Anscheinend hat Apple den beschriebenen Darstellungsfehler mittlerweile behoben. Wie uns ein Leser berichtet, tritt das Problem unter einem aktuellen System bei seinem Thunderbolt Display 27-Zoll nicht mehr auf. Vermutlich wurde der Fehler durch ein Systemupdate behoben. Auch in den Foren von Macrumors und Apple wird dies bestätigt, hier soll der Fehler bereits nach dem Update auf macOS 12.3 verschwunden sein.

Leider gibt es aber mit einigen Monitoren immer noch Probleme, laut dem Leser tritt der beschriebene Pixelfehler bei einem alten Cinema Display 24-Zoll immer noch auf, der per Adapter betrieben wird.

Ursprünglicher Artikel vom 18.1.20222

Apples Thunderbolt-Display 27-Zoll ist schon seit 2011 auf dem Markt, der elegante Alu-Monitor ist aber bei Apple-Fans immer noch beliebt und in vielen Büros in Gebrauch. Bis 2016 hatte Apple den Monitor mit WQHD-Auflösung im Angebot, auf Ebay erzielt er selbst heute noch hohe Preise. Mit Apples Thunderbolt2-auf-Thunderbolt3-Adapter kann man ihn auch an modernen Macs betreiben, bei allen Intel-Macs funktionierte der Monitor bisher auch problemlos. Leider gibt es beim Betrieb an allen M1-Macs ein ärgerliches Problem, das seit über einem Jahr bekannt und noch immer nicht behoben ist. Auch eine Beschwerde eines Lesers hat uns jetzt wieder erreicht. Nicht zu Unrecht, hat Apple doch eigentlich Nachhaltigkeit als Firmenpolitik ausgerufen.

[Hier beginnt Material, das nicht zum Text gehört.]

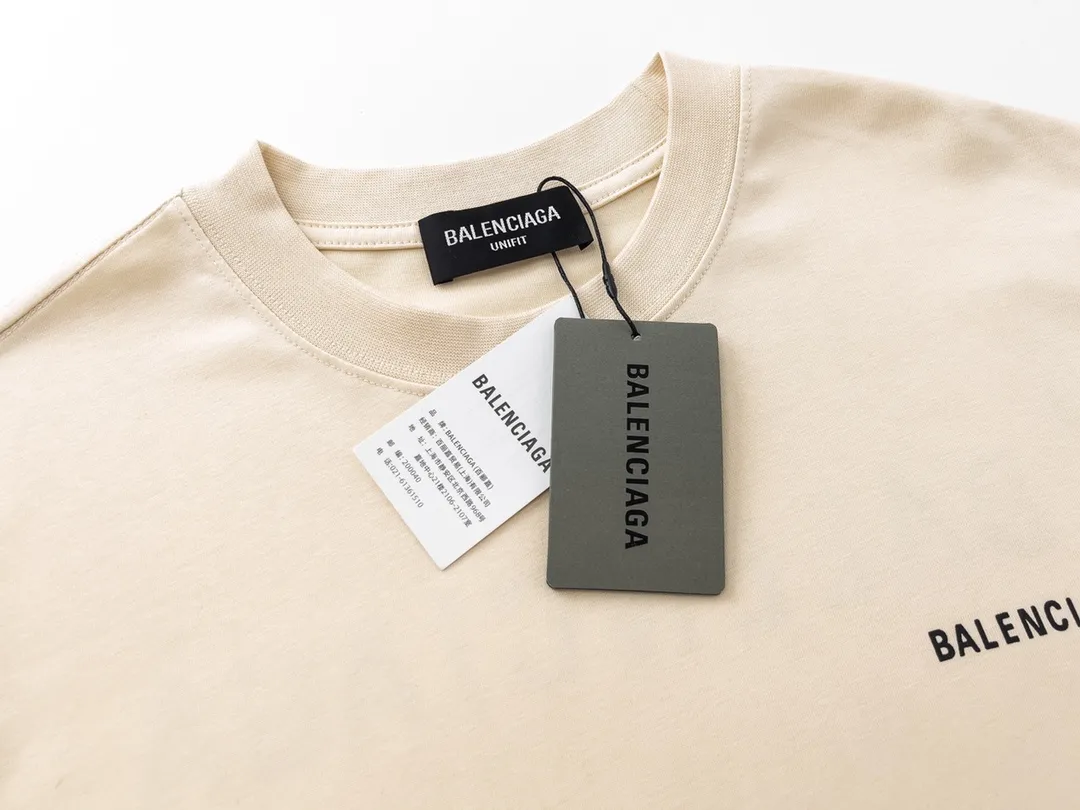 🅿️166 Detailed picture [Top version. Official website quality] BALENCI*GA/Paris#Classic style. Classic letter printed short-sleeved T-shirt on the front and back #brick cabinet synchronization.                       The fabric is made of Paris ZP custom-woven and dyed cotton double yarn, weighing 260 grams. The cloth surface is clean. The cloth pattern is clear, soft and comfortable. The threads are dyed with no color difference. The classic pattern is printed with environmentally friendly imported materials, precision printing screen, the letters are clear, the effect is three-dimensional, and the brick cabinet is restored. The version adopts OS loose shoulder style. Same style for men and women. Coding: BL223022 Color: black, beige, white, blue, floral gray, beige. Size: XS to L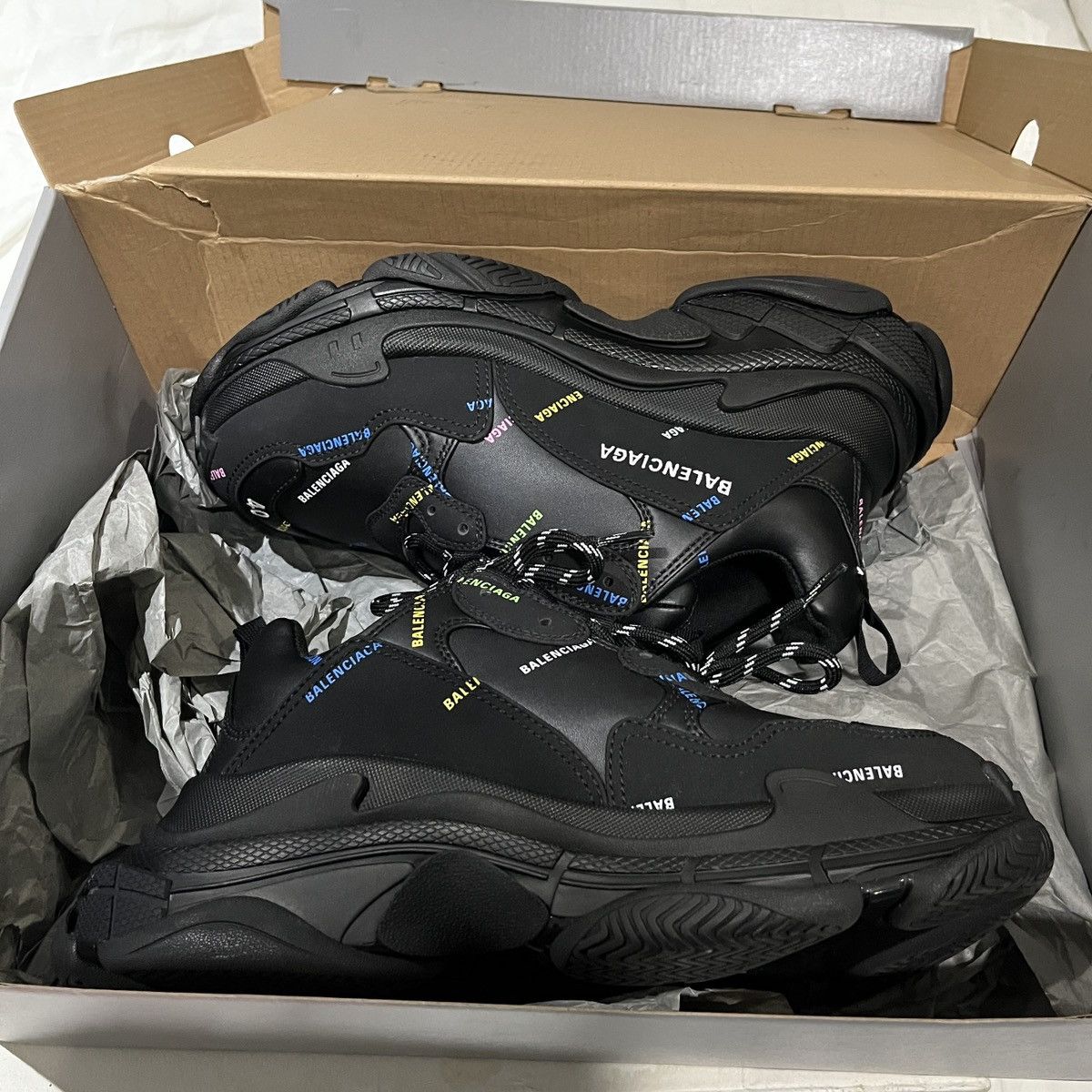 Balenciaga Balenciaga Triple S All Over Print Size US 7 / EU 40 - 1 Thumbnail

Apples Thunderbolt-Display erzielt bei Ebay noch immer hohe Preise
Vergrößern Apples Thunderbolt-Display erzielt bei Ebay noch immer hohe Preise

Das Problem

Auf den ersten Blick wirkt der Fehler unscheinbar, eine Linie aus mehreren Pixeln am oberen rechten Bildschirmrand ist zu sehen –einige erinnert das Problem an die Austastlücke, die bei TV-Aufnahmen manchmal zu sehen ist. Wie zahlreiche Videos und Bildschirmfotos zeigen, handelt es sich fast immer um die gleiche Position am Bildschirm. Die Sichtbarkeit scheint allerdings auch von dem Bildschirmhintergrund abzuhängen und laut Berichten wird ein unterer Bildschirmbereich hier „gespiegelt“. Das klingt wie ein kleineres Problem, allerdings blinken die Pixel und hat man den Fehler allerdings erst einmal registriert, kann dies sehr störend sein.

Die Ursache ist nicht geklärt, die Art des Fehlers legt aber nahe, dass es sich um ein Kompatibilitätsproblem des Monitors mit der neuen Grafikkarte der Apple-Silicon-Macs handelt. Ältere Macs sind schließlich nicht betroffen. Auch der Vorgänger des Thunderbolt-Monitors, das LED-Cinema-Display zeigt laut Berichten diesen Pixelfehler, der Wechsel von Kabeln und Adaptern hilft nicht weiter, ebenso wenig das Aufspielen der aktuellsten Firmware . Die neuen Macbook Pro 14 und 16-Zoll mit neuer Grafikkarte sind laut Berichten leider ebenfalls betroffen, neben Macbooks und Mac Mini übrigens auch der iMac M1. Viele Anwender hatten gehofft, Apple würde das Problem durch ein Systemupdate beheben, so wurden schließlich bereits  einige Kompatibilitätsprobleme mit externen Monitoren durch neue Systemversionen gelöst. Nachdem auch unter macOS 12.1 das Problem auftritt, besteht hier wohl noch wenig Hoffnung.

Was kann man tun

Wir befürchten: Eine Lösung durch Apples Support sollte man nicht erwarten, der Monitor wird von Apple als ein Gerät im Status „ Vintage “ geführt und nicht mehr unterstützt. „Vintage“-Geräte sind Geräte, die Apple seit mehr als fünf Jahren nicht mehr im Angebot hatte. Für diese Geräte gibt es keine Ersatzteile, Reparaturen und Apple verspricht auch keine Betriebssystem-Unterstützung. Von Apple selbst gab es bedauerlicherweise bisher keine Stellungnahme, Grafikfehler bei nicht mehr unterstützten Displays haben wohl keine hohe Priorität. Der Monitor ist technisch auf dem Stand von 2011, vermutlich müsste Apple für den Monitor eine neue Firmware erstellen, um den Fehler zu beheben. Vom Kauf eines gebrauchten Thunderbolt-Displays würden wir aktuell jedenfalls abraten.